Announcement

Collapse
No announcement yet.
X
  • Filter
  • Time
  • Show
Clear All
new posts

  • Ploting missing varaibles

    Dear all,
    I am working in an organization where we do perception survey annually, with over 100 questions every year. What I want to do is to visualize missing values in the data set.

    I searched about it a lot and finally I found that we can visualize missing values using missingplot user written command, but this is not what I want to do.
    My aim is to compare missing and non-missing values of all variables in a bar graph.

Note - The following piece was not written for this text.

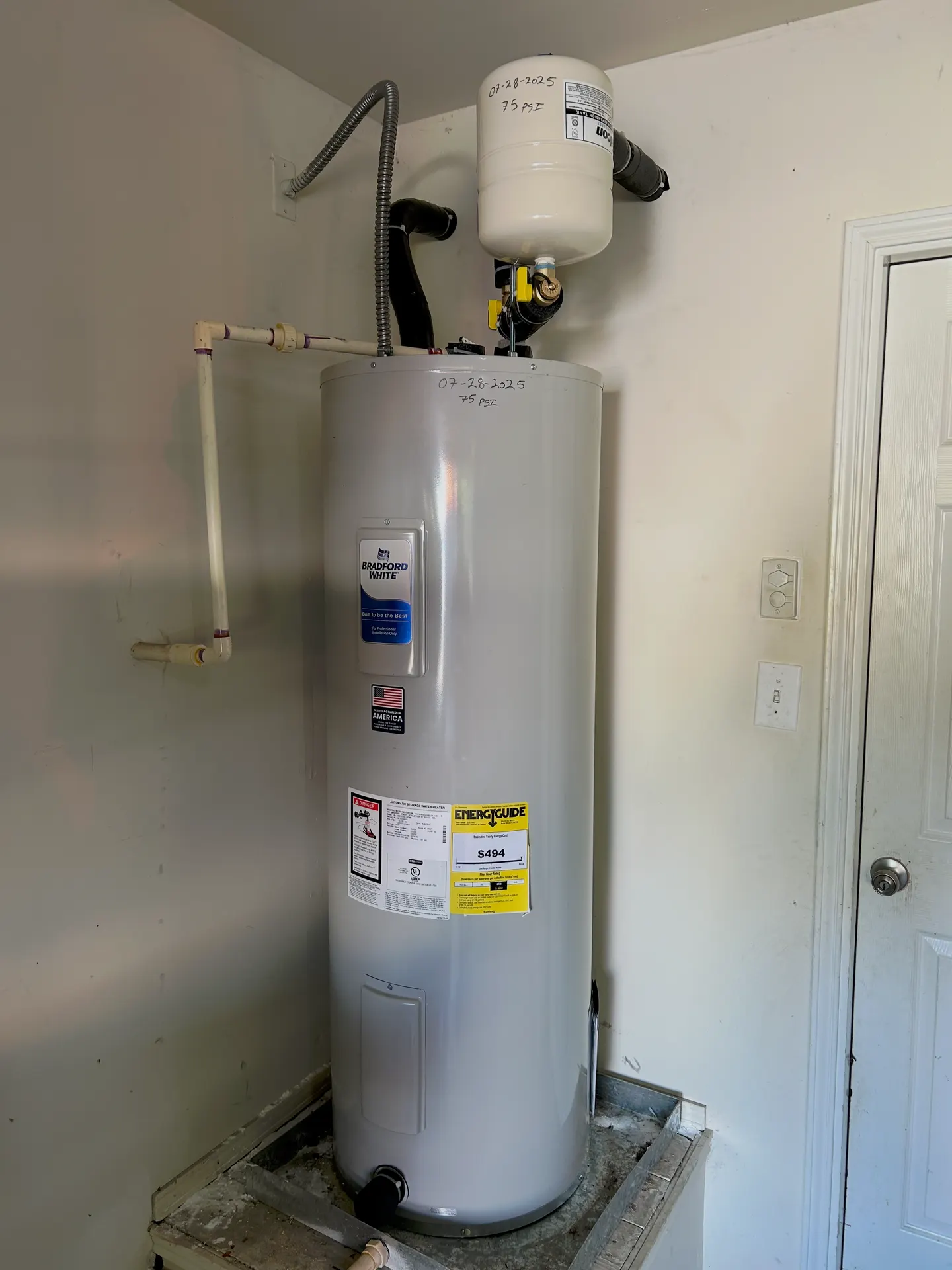 Speed King Plumbing and Leak Locating professional water heater installation: Bradford White tank with expansion tank, new flex lines, and drain pan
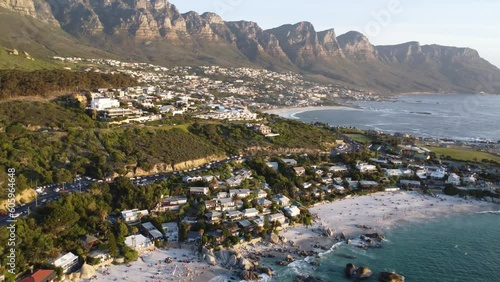 Scenic aerial view of beach in Cape Town, South Africa. Houses and villas on hill and table mountain in background.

    After two days of efforts, I programmed my own command as below:

    Code:
    cap program drop missplot
    program def missplot
    syntax [varlist] [if] [, val ]
    
     qui snapshot save
     local snap = `r(snapshot)'
     
    cap keep `if'
    keep `varlist'
    
    foreach i of varlist * {
    cap replace `i' = 0 if `i'!=.
    cap replace `i' = "0" if `i' != ""
    cap replace `i' = 1 if `i' ==.
    cap replace `i' = "1" if `i' == ""
    cap destring `i', replace
    }
    label drop _all
    
    qui foreach i of varlist * {
    sum `i'
    if `r(mean)' == 0 {
    drop `i'
    }
    }
    
    qui des
    if `r(k)' == 0 {
    dis as text in red ". No missing values found"
     snapshot restore `snap'
     snapshot erase `snap'
    exit
    }
    else
    {
    
    qui ds
    local missvars = "`r(varlist)'"
    rename (*) (miss*)
    gen id = _n
    qui reshape long miss, i(id) j(vars, "string")
    
    lab def miss 1"Missing values" 0"Non-missing values"
    lab val miss miss
    dis as text ". Please make sure you have installed tabplot command:" in red  " ssc install tabplot"
    tabplot miss var, showval sep(miss) bar1(bcolor(blue)) bar2(bcolor(red)) xtitle("") ytitle("") subtitle("")
    }
    
     if "`val'" ~= "" {
    collapse (count) miss if miss==1, by(vars)
    gsort -miss
    list , noobs
     }
     else
     {
     snapshot restore `snap'
     snapshot erase `snap'
    exit
     }
    end
    
    webuse studentsurvey, clear
    missplot *
    missplot *, val
    It solves my problem, but this is a little complicated specially for those who are new to Stata.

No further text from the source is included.